そして、欧米のアーティストたちは自分の仕事が社会のためになっているという目的意識を持って活動している。私たちディーラー、ギャラリストはアーティストをその作品の市場価値で評価しがちだ。しかし、アーティストは一つの生き方の実践であることをワイリーの生き方は示してくれる。そのような環境が存在する欧米社会が少しばかり羨ましく感じる。
今回の展示趣旨の一つは、彼のようなアーティストの存在を日本に紹介することにある。日本では、若手や新人支援と言っても、それぞれの組織や個人のムラ作り、派閥作りの延長線上の活動になりがちだ。それぞれのエゴを捨てて、もっと社会的に高い見地から、皆でアーティスト支援を考えてはどうか、という問題提起でもある。

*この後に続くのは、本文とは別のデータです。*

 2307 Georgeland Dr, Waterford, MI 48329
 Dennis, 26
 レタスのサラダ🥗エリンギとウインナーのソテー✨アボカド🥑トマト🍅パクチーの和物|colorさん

さて「Structures and Space」はワイリーの日本初個展で、世界中で撮影した建築写真の展示となる。本展の重要なキーワードとして彼が挙げているのが「spatial practice」。和訳すると「空間における実践」のような意味となる。少し小難しいので、彼が何を言いたいかを考えてみよう。
ワイリーは、過去10年にわたって建築物が生み出す空間に潜む装飾性を建築物の写真を通して探求してきた。彼の自然光を用いて撮影された作品では、ドイツ、イタリア、米国西部の建築物が際立った特徴と質感を持つ魅力的な存在として提示されてきた。彼は、それらの空間は、人々がその土地に存在していて、生活や活動する場所をどのように組織して、整えるかという熟考の結果に生まれてきたと考えているのだ。作品には、遺跡や廃屋など、もはや人が住んでいないかつての建築物も多く撮影されている。彼はそこに残された空間に、かつて住民が生活していた痕跡を感じ取って作品化しているのだ。地球上で歴史の流れと共に培われてきた文化の多様性を建築写真で表現する意図があるのだろう。私たちは、作品を通してそれらの違いを目の当たりにする。人間を取り巻いていた自然環境が人間の生活に影響を与え、それが建築物の作り上げるスペースを作り上げていたであろうと想像をめぐらすのだ。
本シリーズは、彼のライフワーク的作品だ。世界中のより多くの建築を撮影し続けることで完成度は高まっていくはずだ。ワイリーは日本ひいきでも知られている。実は自身の60歳の誕生日を記念し来日、なんと徒歩で四国八十八箇所巡りを実践している。将来的に「Structures and Space」シリーズに、日本で撮影された建築写真が追加されることを期待したい。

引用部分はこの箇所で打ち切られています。